Due to system design constraints, confidence intervals around scores and raw data lineage are not provided through any interface or documentation. Although this limits direct visibility into certain bias detection premises, it aligns with provider assessments weighing user cognitive capacity and data privacy trade-offs.

---

**Control and Intervention Functionalities**

To empower supervisors with the ability to intervene in AI operations where necessary, the HMI incorporates interactive controls enabling immediate cessation of scoring operations. The system’s operational logic ensures that any interruptions trigger atomic rollback procedures preserving the integrity and consistency of stored competency records.

These intervention capabilities cater to Article 14(4)(e) requirements and are complemented by built-in data validation and anomaly detection routines that either prevent erroneous outputs or flag data issues warranting supervisor attention before score dissemination.

---

**Processing Activities and Special Category Data Handling**

The AI system processes only standard educational performance data and interaction logs collected and pseudonymized in compliance with GDPR requirements. It explicitly avoids reliance on special categories of personal data, mitigating the need for justifications related to their processing for bias detection as per Article 14(4)(f).

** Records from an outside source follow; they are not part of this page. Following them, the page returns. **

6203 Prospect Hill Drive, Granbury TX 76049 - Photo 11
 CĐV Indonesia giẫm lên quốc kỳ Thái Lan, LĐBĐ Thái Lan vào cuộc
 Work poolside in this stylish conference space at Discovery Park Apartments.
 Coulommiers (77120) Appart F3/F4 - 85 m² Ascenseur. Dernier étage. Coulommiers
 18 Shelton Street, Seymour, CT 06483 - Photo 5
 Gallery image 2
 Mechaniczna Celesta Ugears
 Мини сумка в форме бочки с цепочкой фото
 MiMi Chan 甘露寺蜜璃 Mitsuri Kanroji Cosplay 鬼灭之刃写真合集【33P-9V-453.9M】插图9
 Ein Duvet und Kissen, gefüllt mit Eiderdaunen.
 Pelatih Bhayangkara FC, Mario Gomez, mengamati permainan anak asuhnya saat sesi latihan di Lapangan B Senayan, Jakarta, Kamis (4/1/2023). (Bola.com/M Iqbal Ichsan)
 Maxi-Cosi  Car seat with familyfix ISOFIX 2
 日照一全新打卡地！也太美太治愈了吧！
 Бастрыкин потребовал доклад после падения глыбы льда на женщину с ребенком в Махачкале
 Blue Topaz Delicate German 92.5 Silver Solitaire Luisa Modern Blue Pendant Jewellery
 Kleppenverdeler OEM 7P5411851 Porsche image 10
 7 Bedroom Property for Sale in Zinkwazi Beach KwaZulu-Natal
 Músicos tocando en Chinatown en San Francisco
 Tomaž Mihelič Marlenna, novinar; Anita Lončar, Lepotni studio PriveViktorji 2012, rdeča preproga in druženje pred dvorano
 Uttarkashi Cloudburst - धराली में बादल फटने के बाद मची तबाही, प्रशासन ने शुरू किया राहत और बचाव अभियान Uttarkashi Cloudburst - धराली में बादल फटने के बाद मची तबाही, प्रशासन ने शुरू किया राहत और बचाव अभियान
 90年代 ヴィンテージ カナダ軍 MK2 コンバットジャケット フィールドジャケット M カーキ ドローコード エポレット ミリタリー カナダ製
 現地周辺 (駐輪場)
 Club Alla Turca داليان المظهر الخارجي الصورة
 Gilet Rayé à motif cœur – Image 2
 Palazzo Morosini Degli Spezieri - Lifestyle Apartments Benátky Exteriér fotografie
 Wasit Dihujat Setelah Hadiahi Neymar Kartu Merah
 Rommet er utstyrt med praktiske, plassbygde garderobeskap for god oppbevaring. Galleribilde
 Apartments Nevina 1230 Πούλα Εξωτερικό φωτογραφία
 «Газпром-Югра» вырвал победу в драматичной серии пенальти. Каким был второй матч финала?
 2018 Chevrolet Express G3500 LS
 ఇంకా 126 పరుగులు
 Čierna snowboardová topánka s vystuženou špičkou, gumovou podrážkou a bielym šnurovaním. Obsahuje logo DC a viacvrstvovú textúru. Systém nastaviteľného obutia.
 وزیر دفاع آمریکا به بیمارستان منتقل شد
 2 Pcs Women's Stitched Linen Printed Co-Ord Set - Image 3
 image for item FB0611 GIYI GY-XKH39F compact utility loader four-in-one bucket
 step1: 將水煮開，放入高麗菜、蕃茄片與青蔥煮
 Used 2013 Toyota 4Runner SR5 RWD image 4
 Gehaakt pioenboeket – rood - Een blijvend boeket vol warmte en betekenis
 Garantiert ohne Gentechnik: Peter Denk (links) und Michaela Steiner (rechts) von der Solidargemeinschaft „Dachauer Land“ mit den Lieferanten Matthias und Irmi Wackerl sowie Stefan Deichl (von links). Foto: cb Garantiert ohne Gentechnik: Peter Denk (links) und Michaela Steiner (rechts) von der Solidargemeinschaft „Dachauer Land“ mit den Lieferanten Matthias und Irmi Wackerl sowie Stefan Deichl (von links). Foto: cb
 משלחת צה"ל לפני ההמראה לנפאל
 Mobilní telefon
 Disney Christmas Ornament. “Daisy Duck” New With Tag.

During development, an internal bias correction workflow analysing fairness across demographic subgroups was conducted using aggregate and pseudonymized metrics, fully compliant with data protection principles, and documented accordingly without recourse to sensitive personal data.

---

This documentation reflects the provider’s technical design and operational measures oriented towards enabling effective but scoped human oversight aligned with system capabilities, balancing transparency, interpretability, and data privacy in the context of a high-risk vocational competency assessment AI system.